Typically, putting the food on a plate is called “plating.” If you’re not being served restaurant food being plated by professionals, you can learn to this on your own with some inspiration from photos online.
Basically, no one wants to look at messy food that doesn’t look appetizing! Those are the kinds of photos that get skipped over.
Play around with contrast. If food is all one color, try to have some garnish to balance out the colors. Great garnishes can be parsley, cilantro, rosemary, chives or spring onion and zest from fruits.
If your food is all one texture, try to get a variety of textures in there. A picture of brown soup will never look great, but if someone can help throw in green chives, red onion and some fresh herbs, it can look delicate and fantastic in a photo, especially if you can bump up those colors and keep them fresh in your edits.
Use a polarizer when photographing liquid
If you have overhead lights or reflections, and you’re having a hard time getting rid of them on the angles, you can use a polarizer to get rid of some reflections.
You typically use a polarizer on a body of water or a car, to eliminate reflections. You can do this with food photography for the same effect.
It’s also useful for shiny plates. A polarizer can help get rid of those undesirable shadows.
It’s always a good idea to buy filters as big as your biggest lens. Then you can get step down rings to fit on your smaller lenses. For example, my biggest lens is 72mm. All of my filters are 72mm and I have step down rings to fit most of my 49mm lenses.
Try out different lenses
Experiment with different focal lengths. They can give you quite different results in your food photos.
A telephoto lens is going to compress everything, so if you are shooting a table scene, this type of lens can give you interesting results. It will compress the scene, and will help you compose your photo to make it visually interesting.

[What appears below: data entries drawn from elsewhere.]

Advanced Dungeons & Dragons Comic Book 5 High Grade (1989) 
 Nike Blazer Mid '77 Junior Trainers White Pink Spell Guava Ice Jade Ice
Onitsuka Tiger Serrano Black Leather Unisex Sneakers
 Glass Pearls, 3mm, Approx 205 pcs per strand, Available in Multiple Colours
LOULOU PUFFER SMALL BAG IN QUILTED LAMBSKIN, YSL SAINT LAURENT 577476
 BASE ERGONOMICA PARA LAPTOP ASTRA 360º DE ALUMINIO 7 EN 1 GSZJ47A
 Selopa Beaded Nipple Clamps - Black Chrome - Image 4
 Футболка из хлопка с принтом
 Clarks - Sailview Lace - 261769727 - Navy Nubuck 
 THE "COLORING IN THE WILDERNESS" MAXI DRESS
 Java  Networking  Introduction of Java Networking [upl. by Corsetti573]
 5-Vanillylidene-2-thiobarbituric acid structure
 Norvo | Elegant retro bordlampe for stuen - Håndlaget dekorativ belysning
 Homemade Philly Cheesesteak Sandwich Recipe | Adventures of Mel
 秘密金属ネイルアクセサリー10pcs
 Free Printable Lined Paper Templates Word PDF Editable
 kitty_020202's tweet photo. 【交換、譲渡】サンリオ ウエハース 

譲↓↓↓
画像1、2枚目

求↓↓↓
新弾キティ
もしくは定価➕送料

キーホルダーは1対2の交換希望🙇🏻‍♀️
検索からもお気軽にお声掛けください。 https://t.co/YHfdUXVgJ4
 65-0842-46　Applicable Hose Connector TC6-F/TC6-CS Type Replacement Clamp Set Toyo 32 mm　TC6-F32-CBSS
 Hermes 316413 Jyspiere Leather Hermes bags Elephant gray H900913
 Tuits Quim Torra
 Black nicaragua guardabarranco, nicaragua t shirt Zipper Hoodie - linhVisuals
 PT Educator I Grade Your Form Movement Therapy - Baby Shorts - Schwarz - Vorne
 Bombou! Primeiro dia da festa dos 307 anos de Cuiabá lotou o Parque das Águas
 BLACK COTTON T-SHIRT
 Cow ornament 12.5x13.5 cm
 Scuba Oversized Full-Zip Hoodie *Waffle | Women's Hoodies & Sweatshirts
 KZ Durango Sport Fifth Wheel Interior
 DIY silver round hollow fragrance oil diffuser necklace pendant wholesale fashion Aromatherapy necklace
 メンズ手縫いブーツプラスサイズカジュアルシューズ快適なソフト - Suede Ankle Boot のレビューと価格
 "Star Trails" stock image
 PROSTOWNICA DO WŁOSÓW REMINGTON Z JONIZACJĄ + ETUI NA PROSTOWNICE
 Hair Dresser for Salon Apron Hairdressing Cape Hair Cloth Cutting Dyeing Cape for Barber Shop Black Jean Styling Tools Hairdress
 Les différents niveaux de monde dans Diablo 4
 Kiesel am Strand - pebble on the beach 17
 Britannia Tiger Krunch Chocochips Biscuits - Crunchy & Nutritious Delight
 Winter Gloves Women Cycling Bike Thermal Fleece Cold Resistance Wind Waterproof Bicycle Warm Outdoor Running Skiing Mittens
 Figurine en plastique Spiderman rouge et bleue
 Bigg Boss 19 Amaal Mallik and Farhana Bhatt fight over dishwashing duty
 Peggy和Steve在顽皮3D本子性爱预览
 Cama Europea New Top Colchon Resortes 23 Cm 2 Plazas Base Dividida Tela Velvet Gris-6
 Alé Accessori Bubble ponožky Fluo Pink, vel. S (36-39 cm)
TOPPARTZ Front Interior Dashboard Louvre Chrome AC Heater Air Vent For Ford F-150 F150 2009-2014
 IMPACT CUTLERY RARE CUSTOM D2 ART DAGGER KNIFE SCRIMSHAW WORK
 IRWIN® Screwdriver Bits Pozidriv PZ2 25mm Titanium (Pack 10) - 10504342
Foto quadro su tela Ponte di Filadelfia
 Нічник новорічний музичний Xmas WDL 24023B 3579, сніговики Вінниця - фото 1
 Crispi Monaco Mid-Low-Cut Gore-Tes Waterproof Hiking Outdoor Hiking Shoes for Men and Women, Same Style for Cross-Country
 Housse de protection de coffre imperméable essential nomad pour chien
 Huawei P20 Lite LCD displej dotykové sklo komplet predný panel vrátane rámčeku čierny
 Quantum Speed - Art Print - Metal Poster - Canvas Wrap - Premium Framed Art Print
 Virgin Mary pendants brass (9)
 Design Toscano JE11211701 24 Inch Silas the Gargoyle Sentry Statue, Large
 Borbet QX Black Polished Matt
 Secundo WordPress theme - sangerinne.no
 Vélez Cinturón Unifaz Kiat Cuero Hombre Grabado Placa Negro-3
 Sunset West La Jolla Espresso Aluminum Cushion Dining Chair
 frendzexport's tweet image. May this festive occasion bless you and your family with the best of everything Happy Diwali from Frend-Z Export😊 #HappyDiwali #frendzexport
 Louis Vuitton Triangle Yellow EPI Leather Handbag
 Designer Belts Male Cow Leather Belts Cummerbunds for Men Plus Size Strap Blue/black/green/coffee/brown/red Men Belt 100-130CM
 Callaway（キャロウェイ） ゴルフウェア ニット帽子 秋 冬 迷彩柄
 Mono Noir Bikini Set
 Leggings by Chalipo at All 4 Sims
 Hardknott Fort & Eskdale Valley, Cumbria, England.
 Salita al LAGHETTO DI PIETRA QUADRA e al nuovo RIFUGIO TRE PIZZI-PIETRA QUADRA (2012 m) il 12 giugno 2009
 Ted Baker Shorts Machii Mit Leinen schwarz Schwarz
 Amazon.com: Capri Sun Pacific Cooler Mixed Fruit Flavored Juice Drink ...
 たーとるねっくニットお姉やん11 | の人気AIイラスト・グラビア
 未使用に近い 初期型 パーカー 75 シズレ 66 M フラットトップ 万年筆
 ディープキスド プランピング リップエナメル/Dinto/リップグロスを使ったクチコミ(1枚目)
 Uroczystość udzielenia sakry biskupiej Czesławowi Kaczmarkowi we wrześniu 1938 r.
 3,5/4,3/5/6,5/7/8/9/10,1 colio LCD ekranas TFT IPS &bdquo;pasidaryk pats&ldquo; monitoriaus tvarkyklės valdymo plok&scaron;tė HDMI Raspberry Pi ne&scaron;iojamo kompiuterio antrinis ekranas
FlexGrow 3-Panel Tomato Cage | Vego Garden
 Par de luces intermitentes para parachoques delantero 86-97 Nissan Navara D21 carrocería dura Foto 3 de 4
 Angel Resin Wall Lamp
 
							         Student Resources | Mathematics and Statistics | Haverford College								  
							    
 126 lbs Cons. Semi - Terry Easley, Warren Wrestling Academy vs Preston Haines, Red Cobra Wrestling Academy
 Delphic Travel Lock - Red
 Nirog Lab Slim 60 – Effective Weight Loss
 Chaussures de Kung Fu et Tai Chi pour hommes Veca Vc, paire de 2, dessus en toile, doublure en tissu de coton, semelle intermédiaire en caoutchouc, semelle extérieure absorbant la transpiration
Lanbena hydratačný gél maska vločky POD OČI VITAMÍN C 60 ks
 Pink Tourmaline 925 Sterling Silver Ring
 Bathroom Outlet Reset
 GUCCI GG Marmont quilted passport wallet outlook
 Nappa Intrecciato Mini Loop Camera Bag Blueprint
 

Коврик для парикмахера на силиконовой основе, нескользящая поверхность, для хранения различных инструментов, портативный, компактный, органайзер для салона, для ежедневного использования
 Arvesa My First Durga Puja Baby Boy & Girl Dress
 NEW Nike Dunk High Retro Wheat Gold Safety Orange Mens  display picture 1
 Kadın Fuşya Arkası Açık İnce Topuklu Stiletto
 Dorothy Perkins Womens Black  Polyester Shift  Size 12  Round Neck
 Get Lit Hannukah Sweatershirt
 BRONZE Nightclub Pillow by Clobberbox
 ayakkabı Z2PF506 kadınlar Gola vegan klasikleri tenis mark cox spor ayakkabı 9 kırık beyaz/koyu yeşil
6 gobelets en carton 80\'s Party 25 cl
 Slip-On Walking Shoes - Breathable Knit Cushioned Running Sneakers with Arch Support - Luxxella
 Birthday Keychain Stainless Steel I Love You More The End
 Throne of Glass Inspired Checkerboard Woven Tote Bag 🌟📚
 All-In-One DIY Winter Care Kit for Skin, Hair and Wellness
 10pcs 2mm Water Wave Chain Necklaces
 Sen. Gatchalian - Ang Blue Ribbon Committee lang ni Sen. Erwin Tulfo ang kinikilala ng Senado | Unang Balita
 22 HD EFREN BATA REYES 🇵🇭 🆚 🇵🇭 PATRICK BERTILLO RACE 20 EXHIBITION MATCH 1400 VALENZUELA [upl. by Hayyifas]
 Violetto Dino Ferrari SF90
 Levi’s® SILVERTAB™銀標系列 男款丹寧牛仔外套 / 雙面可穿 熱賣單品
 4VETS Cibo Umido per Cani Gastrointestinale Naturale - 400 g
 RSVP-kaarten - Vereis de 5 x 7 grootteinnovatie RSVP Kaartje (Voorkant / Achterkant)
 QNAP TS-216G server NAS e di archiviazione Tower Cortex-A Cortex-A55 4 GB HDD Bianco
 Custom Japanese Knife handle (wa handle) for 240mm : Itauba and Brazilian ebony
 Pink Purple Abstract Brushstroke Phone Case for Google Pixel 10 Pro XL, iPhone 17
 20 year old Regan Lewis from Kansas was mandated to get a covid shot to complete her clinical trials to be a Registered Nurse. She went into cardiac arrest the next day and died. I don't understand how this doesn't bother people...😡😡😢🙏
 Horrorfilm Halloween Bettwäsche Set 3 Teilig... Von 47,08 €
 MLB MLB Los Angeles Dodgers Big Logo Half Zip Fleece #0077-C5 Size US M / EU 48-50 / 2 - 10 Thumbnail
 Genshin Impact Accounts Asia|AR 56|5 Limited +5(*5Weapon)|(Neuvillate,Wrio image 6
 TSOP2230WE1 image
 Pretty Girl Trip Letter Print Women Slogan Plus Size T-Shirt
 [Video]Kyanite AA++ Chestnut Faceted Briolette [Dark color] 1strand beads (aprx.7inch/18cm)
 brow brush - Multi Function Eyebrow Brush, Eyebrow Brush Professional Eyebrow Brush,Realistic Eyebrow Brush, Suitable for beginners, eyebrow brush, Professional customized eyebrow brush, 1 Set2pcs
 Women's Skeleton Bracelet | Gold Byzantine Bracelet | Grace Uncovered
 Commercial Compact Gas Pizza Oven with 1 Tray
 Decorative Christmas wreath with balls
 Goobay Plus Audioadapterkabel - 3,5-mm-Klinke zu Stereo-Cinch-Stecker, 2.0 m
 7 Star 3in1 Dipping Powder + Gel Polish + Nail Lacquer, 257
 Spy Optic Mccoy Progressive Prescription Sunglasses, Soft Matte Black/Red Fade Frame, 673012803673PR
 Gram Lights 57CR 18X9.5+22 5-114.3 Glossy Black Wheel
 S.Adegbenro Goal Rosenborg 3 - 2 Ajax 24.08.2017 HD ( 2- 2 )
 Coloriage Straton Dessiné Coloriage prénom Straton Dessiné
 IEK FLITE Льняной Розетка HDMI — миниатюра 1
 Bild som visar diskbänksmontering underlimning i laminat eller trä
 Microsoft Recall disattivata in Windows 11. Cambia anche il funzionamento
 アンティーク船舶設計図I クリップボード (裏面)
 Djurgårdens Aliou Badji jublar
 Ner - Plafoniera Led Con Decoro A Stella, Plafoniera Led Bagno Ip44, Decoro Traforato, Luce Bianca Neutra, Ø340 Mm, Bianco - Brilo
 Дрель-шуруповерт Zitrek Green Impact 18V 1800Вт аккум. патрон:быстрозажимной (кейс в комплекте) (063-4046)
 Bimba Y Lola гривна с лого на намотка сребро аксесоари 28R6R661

A macro lens is going to allow you to get really close detail of food texture. With a macro lens, you can hone in on strawberries, blueberries and other fruit, for example, and even the textures of blackberries.
You wouldn’t normally see these textures up so close, in every day life, so it makes for cool photos. Macro lenses are my favorite for taking pictures of fine and close-up detail, like delicate food.
A macro lens is kind of like a specialty; if you’re trying to stand out or get interesting results, this can help you stand out from the crowd. Your photos can really pop, with the fresh detail from a macro lens.
For normal shots, you’ll want to stay between 35 and 50mm. Otherwise, you risk getting too much unintentionally in the frame, or your frame will be too cropped and you’ll have a hard time fitting in all the items on the table or in the scene.
A 24-70mm lens is usually a good place to start, for beginners, while you get used to this focal range.
Use a diffuser or light box when using a flash
When using a flash, direct light is going to make food look very unpleasant. You’ll be washing out the shadows.
My advice is to use a diffuser to spread out the beam of light that comes from the flash, in an even way. A diffuser is going to act like a large window, so this is ideal for food photos to begin with!
If you don’t have a diffuser, experiment with shooting through a white sheet. It will have a similar effect.
If you’re taking photos in a room with a white ceiling that is fairly low, you can also bounce your flash off the ceiling or off a close wall. I’ve done this in the past, and had some great results.
Shoot in RAW
RAW photos allow you to adjust the white balance, and will also give you a lot more information about the photos, when compared to JPGs.
If you’ve set your white balance incorrectly, you can change it while you’re editing, which is a huge win.
If parts of your photos are way too bright or way too dark, shooting in RAW will allow you to increase shadows and decrease highlights. This way, you can recover data that would otherwise be lost. With a JPG, these would just be spots.
Watch your composition
The composition of a photo of food is what draws a viewer into the scene. Without good composition, you could spoil the overall effect of what you’re trying to achieve.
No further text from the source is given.